What you are asked to do => From the records that follow, return exactly the lines beginning at the one that contains "public-figure" and ending at the one that contains "Photo of Opal", pictures left out.

Data shown =>
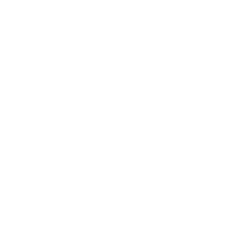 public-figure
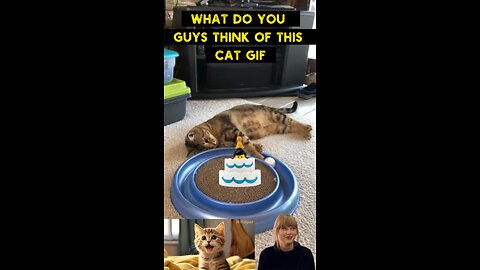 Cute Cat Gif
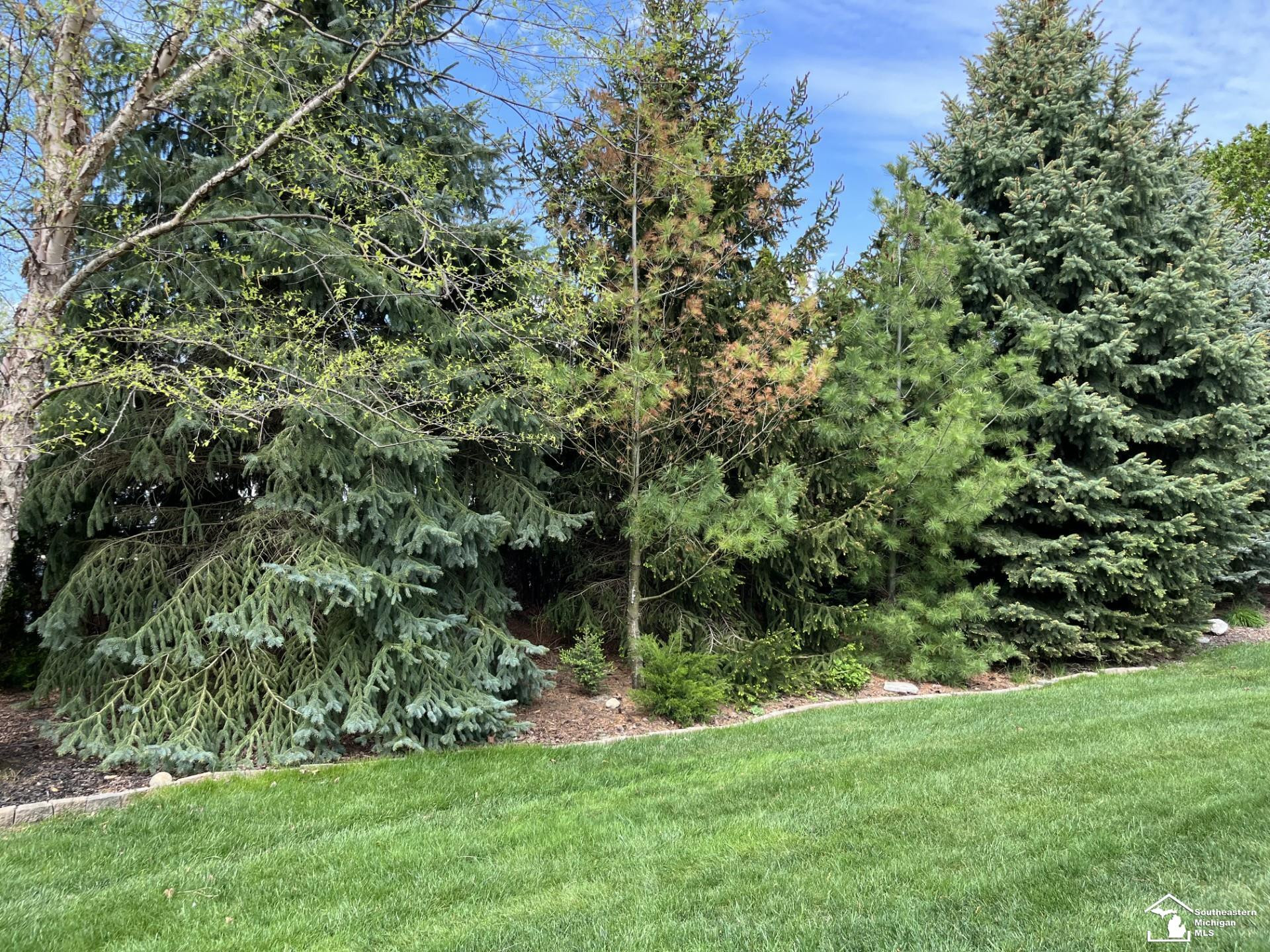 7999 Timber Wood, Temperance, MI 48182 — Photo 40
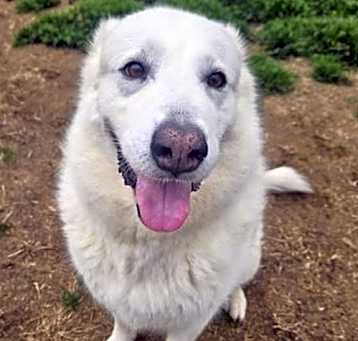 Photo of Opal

---

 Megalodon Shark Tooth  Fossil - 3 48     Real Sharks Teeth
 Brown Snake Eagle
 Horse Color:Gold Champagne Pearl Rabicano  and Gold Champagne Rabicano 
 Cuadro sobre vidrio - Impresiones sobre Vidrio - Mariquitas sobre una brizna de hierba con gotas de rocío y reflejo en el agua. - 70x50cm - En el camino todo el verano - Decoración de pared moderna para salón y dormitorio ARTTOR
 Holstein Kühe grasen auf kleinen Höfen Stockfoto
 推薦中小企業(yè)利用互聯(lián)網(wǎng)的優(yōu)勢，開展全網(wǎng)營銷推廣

Exercise answer =>
 public-figure
 Cute Cat Gif
 7999 Timber Wood, Temperance, MI 48182 — Photo 40
 Photo of Opal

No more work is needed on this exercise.